Every part of the TOPGUN instructor still left in me begged for a two hour brief in preparation for the flight, with detailed descriptions of minutely scripted maneuvers, what-if’s and contingency plans. But he’s my son, and flying is supposed to be fun. The time of sweating the details, of memorized checklists and juggling tennis balls while reciting emergency procedures is yet to come. We chatted about what we were going to do in a casual way over a pair of tacos and a chicken quesadilla, preflighted the machine and departed VFR to the west under the lateral limits of the Class B airspace.

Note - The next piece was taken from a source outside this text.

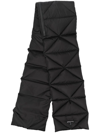 Prada Re-nylon Extractable-hood Padded Scarf In Black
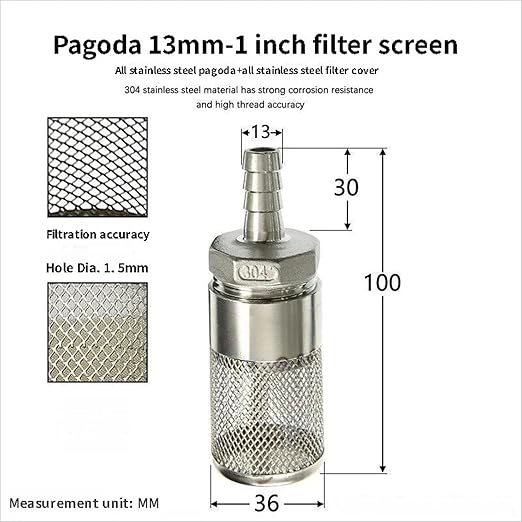 304 Stainless Steel Water Pump Filter Hose End Strainer Barbed Inline Mesh Screen, Assorted Sizes for Pressure Washer Garden RV Prevents Debris Clogging,1pcs(13mm 1 Inch)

Bumpy, on the way out. Did he want the aircraft? Not yet. Not knowing, as of yet, that there’s little you can or want to do about turbulence, apart from riding it out. If the bumpies push you up and you try to counteract them, it’s better than even odds that your control input will arrive just in time for the downdraft to make you wish you hadn’t. It got better off the coast.
The FAA requires a minimum of 20 hours prior to a traffic pattern solo with your instructor watching nervously, and twice that is probably the mean. It took 13 flights in the T-34 before they gave you the keys and let you wander off on your lonesome. Somewhere between 20 and 30 hours of flight time. Fully expecting that you’d take her out to the operating area, do your do and then bring her back in one piece. It’s good training, Navy training. Efficient. Analytical. Merciless.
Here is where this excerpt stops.